Abu Ubaidah memerintahkan Zul-Kula' al-Himyari menempatkan markasnya di suatu tempat antara Damsyik dengan Hims, sedang Alqamah bin Hakim dan Masruq al-Akki diperintahkan bermarkas di antara Damsyik dengan Palestina.

Setelah merasa puas dengan strateginya itu para perwira dan pasukannya diperintahkan maju untuk mengepung ibu kota, sebagai persiapan untuk melancarkan serangan. la juga menunjukkan pintu mana yang harus menjadi bagian mereka masing-masing. Dia sendiri turun di Gerbang al-Jabiah, Amr bin As di Gerbang Tauma', Syurahbil bin Hasanah di Gerbang al-Faradis dan Yazid bin Abi Sufyan di Gerbang Kisan sedang Khalid bin Walid di Gerbang asy-Syarqi.

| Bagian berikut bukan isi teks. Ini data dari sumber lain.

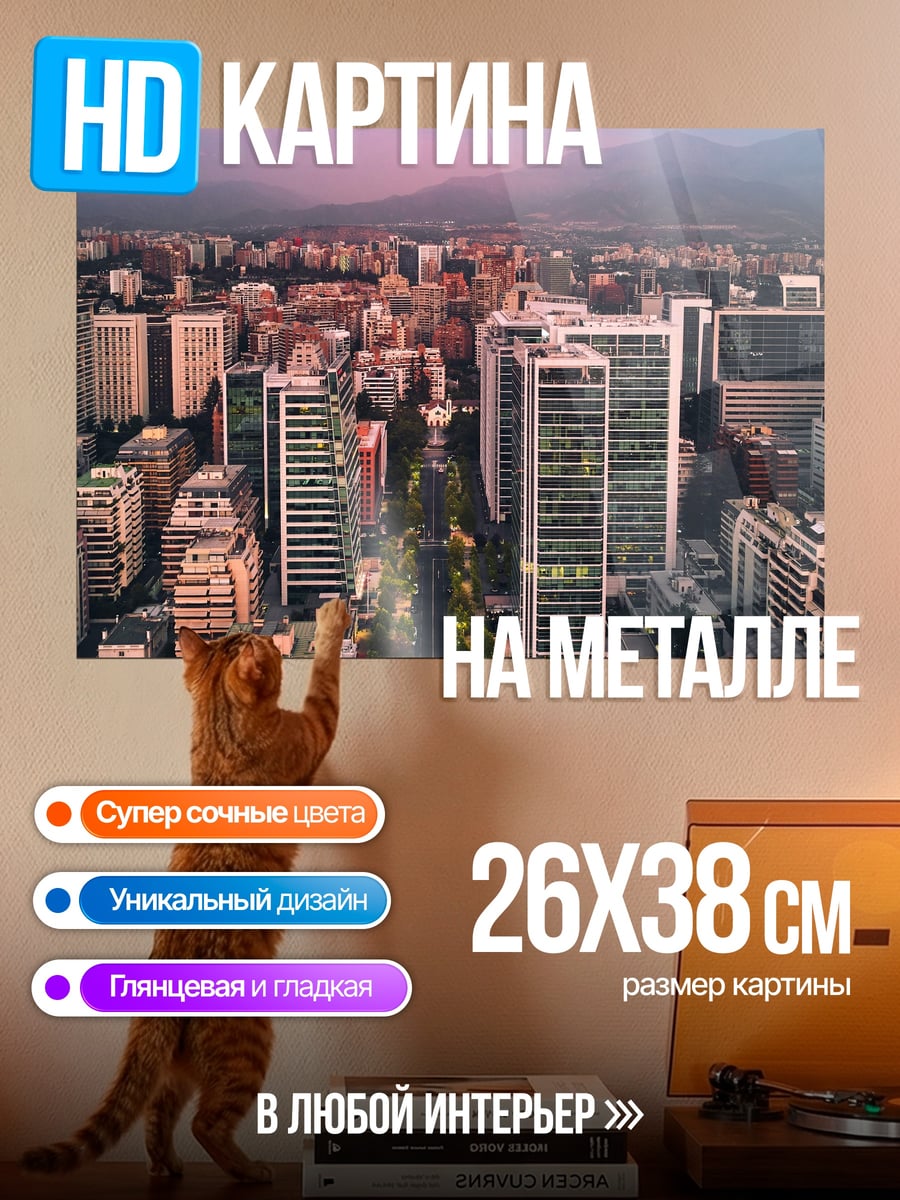 Картина на металле Городской пейзаж на закате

Tak jauh dari Gerbang itu ada sebuah biara bernama Biara Saliba, yang oleh Khalid dijadikan tempat tinggalnya, dan kemudian disebut "Biara Khalid."

Pasukan Muslimin mulai menempatkan beberapa manjaniq dan "tank-tank" di sekitar kota dan mulai menyerang benteng-benteng kota itu. Tetapi benteng-benteng itu rupanya begitu kukuh sehingga dapat bertahan dari peralatan Arab dan segala macamnya yang masih bersahaja dan anggota-anggota pasukan yang digunakan pun belum begitu terlatih untuk menghadapi cara-cara pengepungan demikian. Oleh karenanya, setiap serangan mendapat perlawanan dan pengawal-pengawal "tank" manjaniq dipukul mundur dengan panah dan tombak.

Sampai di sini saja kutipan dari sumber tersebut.